At this point, all predictions are aggregated and stored for post-processing. Each prediction retains metadata including the matched reference, model used, embedding distance, and raw GO term list.
This stage is the core of the FANTASIA pipeline, as it determines the candidate functions for each protein based solely on learned representations rather than sequence alignment.
Step 4: Annotation Post-processing and Output Generation¶
After functional transfer, FANTASIA performs a comprehensive post-processing step to enhance prediction quality, interpretability, and downstream usability.
Reliability Index (RI)¶
FANTASIA assigns a Reliability Index (RI) to each predicted GO term based on its embedding distance to the reference:
Cosine distance:
\[RI = 1 - d_c(q, n_i)\]Euclidean distance:
\[RI = \frac{0.5}{0.5 + d_e(q, n_i)}\]
These scores range from 0 to 1 but are not comparable across metrics.
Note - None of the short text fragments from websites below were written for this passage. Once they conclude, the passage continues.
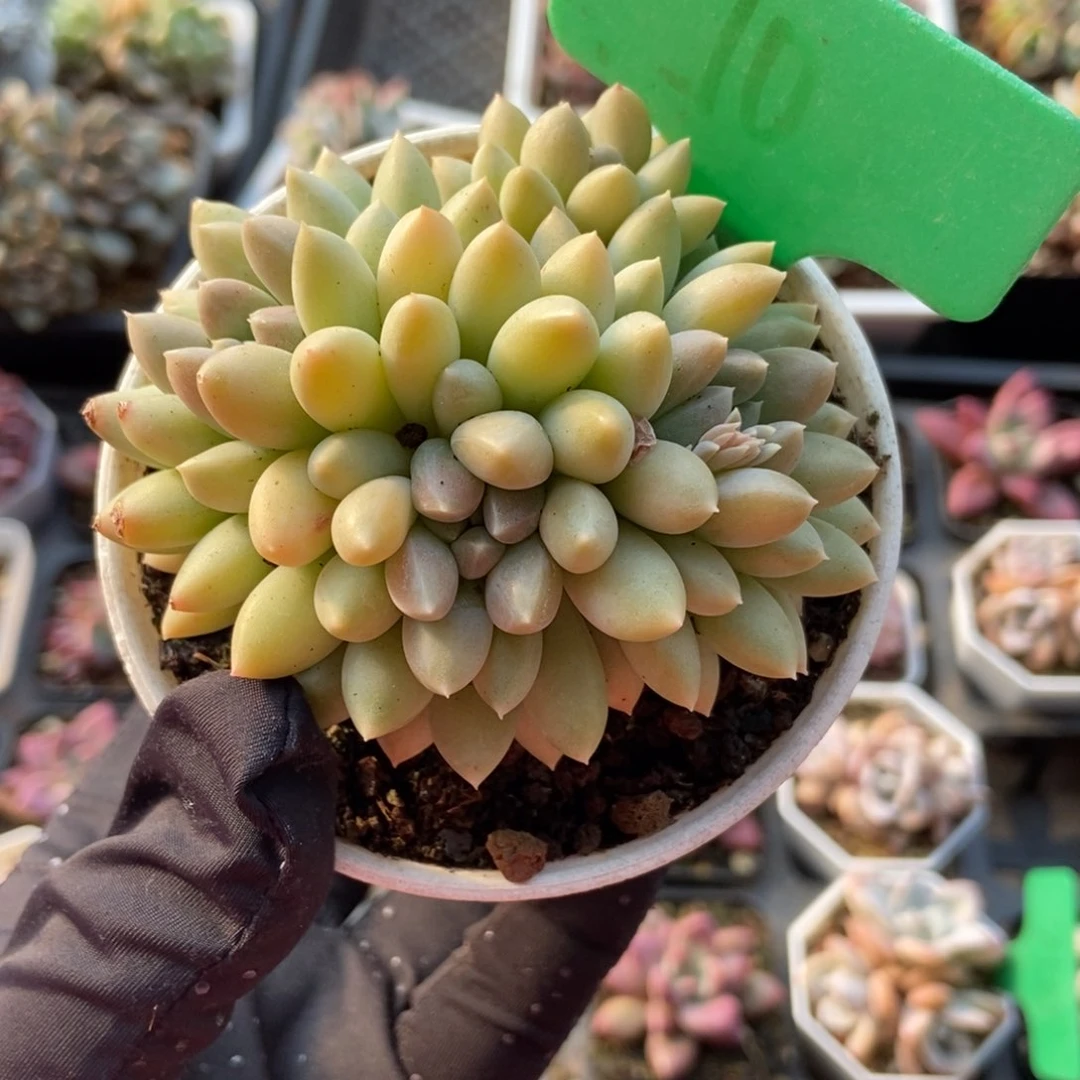 10牛奶糖多肉植物保护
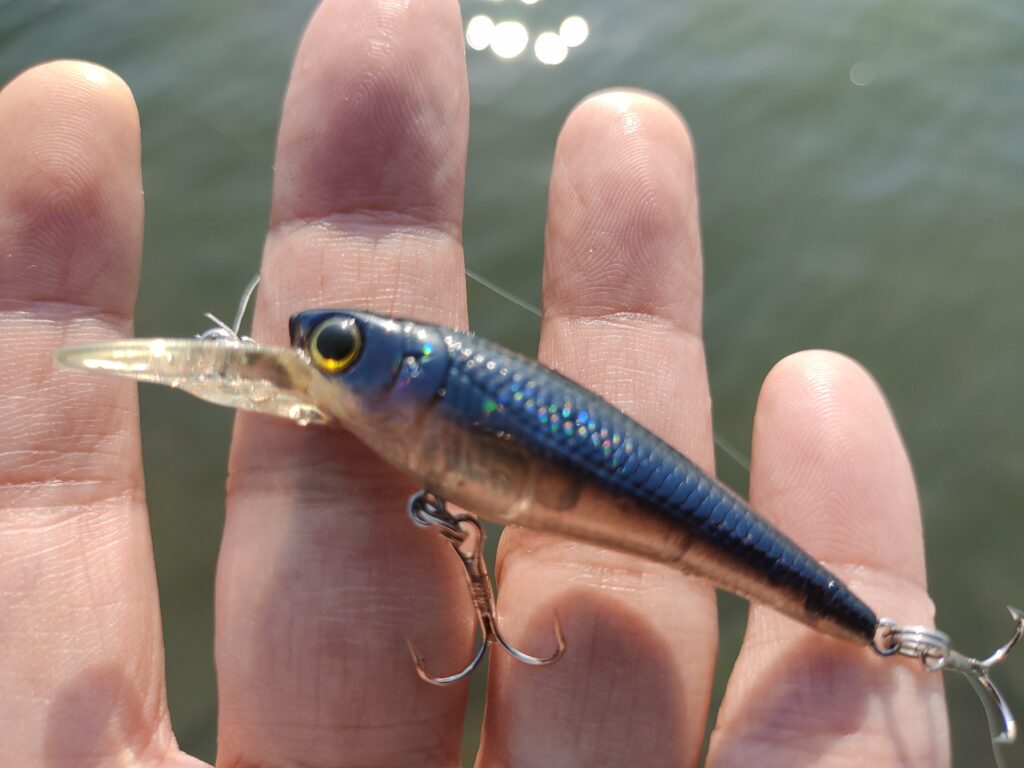 オカッパリに最適!スティーズ キングボルトF-スペックのインプレ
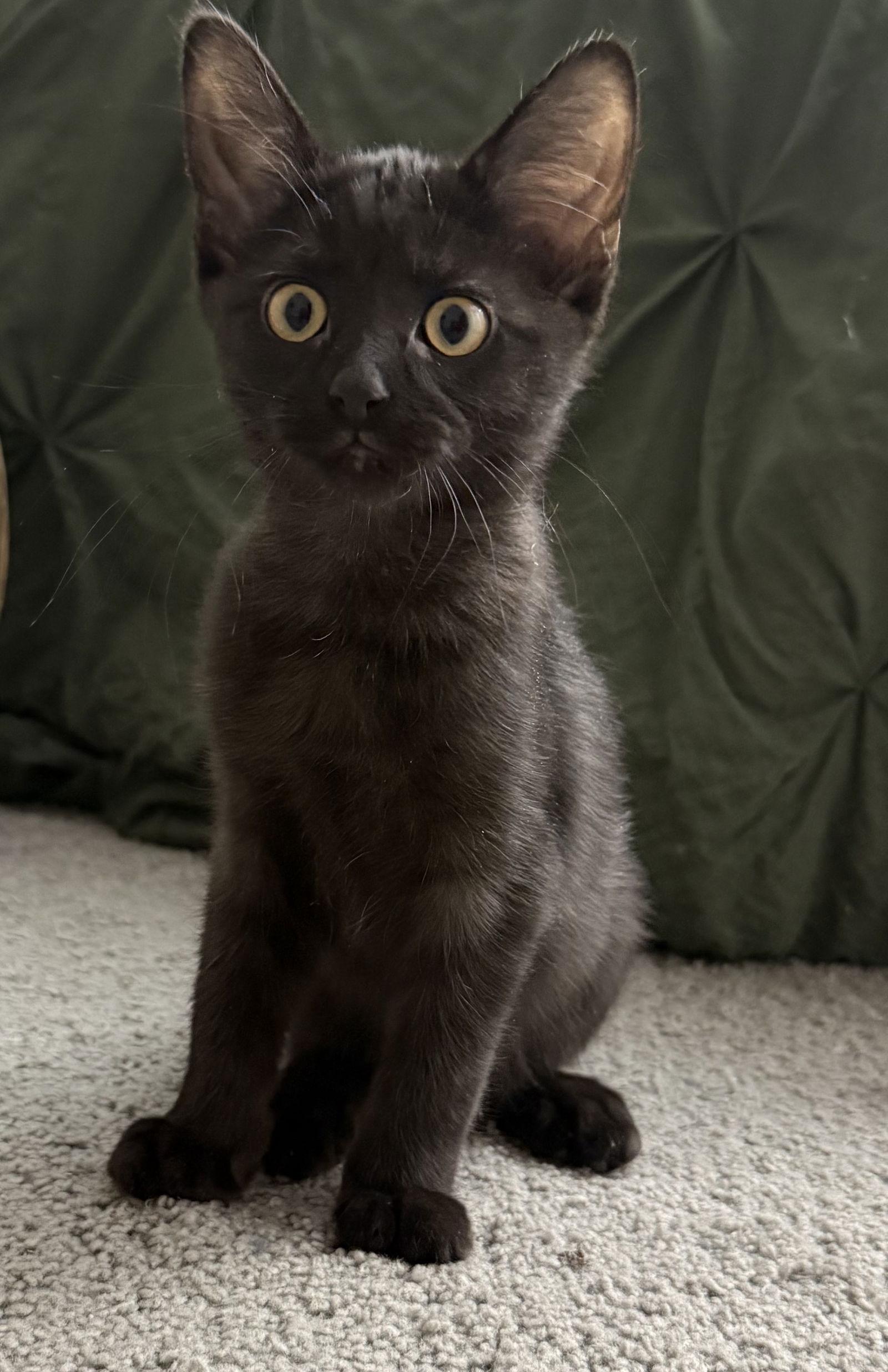 Enlarge Jet, a Adoptable Domestic Short Hair in Island Lake, IL image 2/3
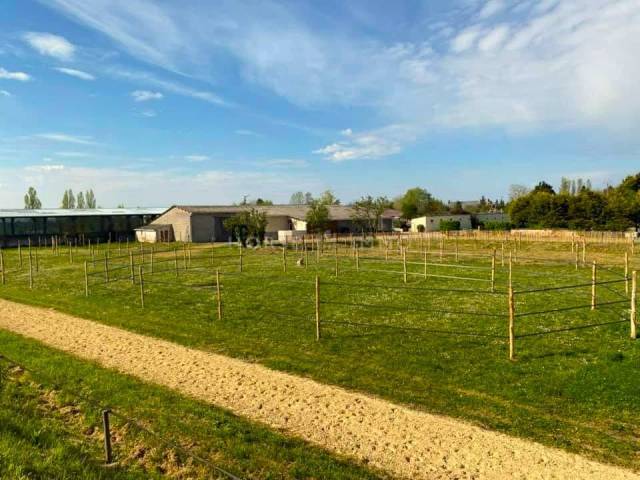 Acaballadero En venta Indre y Loira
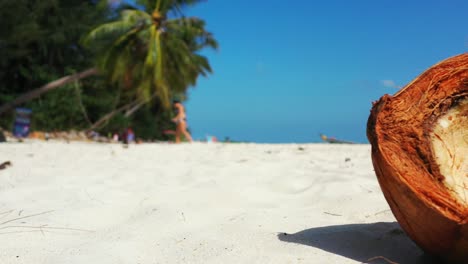 Cracked-open-coconut-on-the-sandy-beach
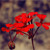 :iconalaa-taher:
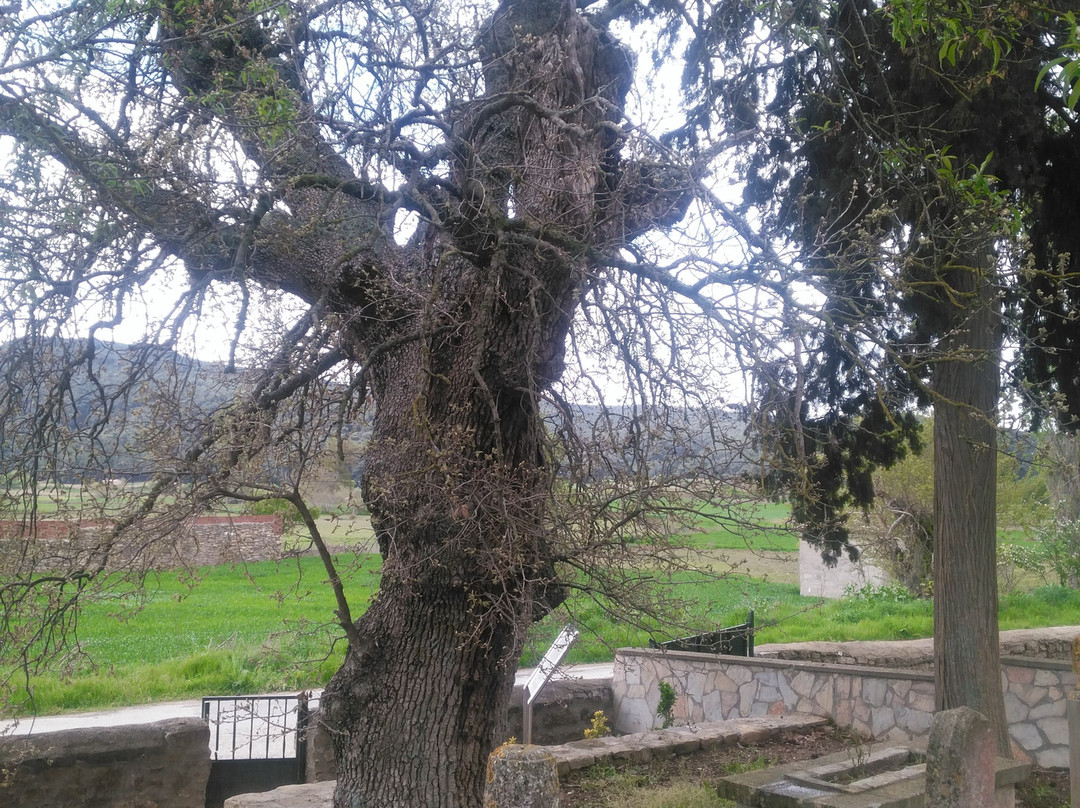 Yalova Koyu Zabitan Sehitligi-Eceabat必去景点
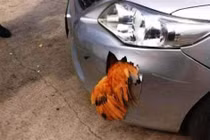Gà vẫn sống sót sau khi tông thủng xe hơi Trung Quốc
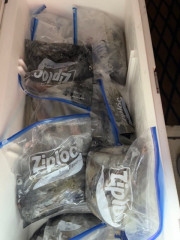 IMG_8441.jpeg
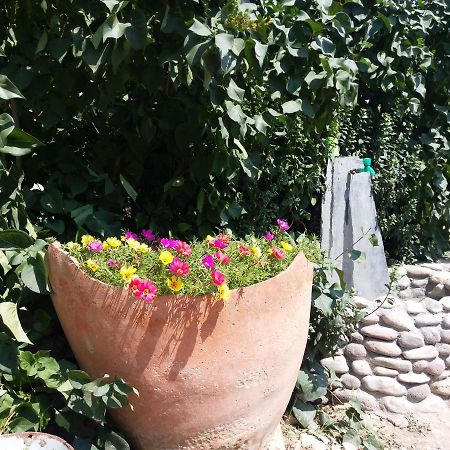 Areni Tavern-B&B Екстериор снимка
Euclidean-based RI values are model-dependent, while cosine-based RI is better suited for inter-model comparison.
GO Term Prioritization and Filtering¶
FANTASIA retains all predicted GO terms and uses the following metrics to prioritize annotations:
Support count: Number of top hits transferring the same GO term.
RI: Confidence score based on embedding similarity.
For each (accession, go_id, model) triplet, only the prediction with the highest RI is kept in the final table.
Leaf Term Selection and Ontology Collapsing¶
To reduce redundancy and focus on specific functions, FANTASIA collapses ancestor GO terms under their most specific leaf terms using GOATOOLS [7]. It uses the GO ontology graph to identify non-ancestor terms and aggregates broader terms under them:
collapsed_support: Total supporting hits from collapsed ancestors.
n_collapsed_terms: Number of collapsed GO terms.
collapsed_terms: List of absorbed GO terms.
This step ensures annotations are concise and biologically informative.
Pairwise Sequence Alignment¶
For interpretability, FANTASIA includes optional global sequence alignment using Parasail [9], applying:
Needleman-Wunsch algorithm
Substitution matrix: BLOSUM62
Gap penalties: open = 10, extension = 1
The alignment quantifies sequence-level similarity between the query and reference proteins supporting a GO term but does not affect annotation transfer.
Metrics stored include:
identity, similarity, alignment_score
gaps_percentage, alignment_length
length_query, length_reference
TopGO Compatibility¶
FANTASIA exports a TSV file (results_topgo.tsv) compatible with the topGO R package [8], listing comma-separated GO terms per query. This facilitates enrichment analysis in downstream workflows.
Output Files¶
All outputs are stored under a timestamped folder in ~/fantasia/experiments/.
results.csv: Final deduplicated annotations per query
raw_results.csv: All transferred annotations before filtering
results_topgo.tsv: Format for GO enrichment tools
embeddings.h5: Sequence and embedding data used in lookup
These files include both prediction metadata and alignment statistics, allowing advanced filtering and reproducibility.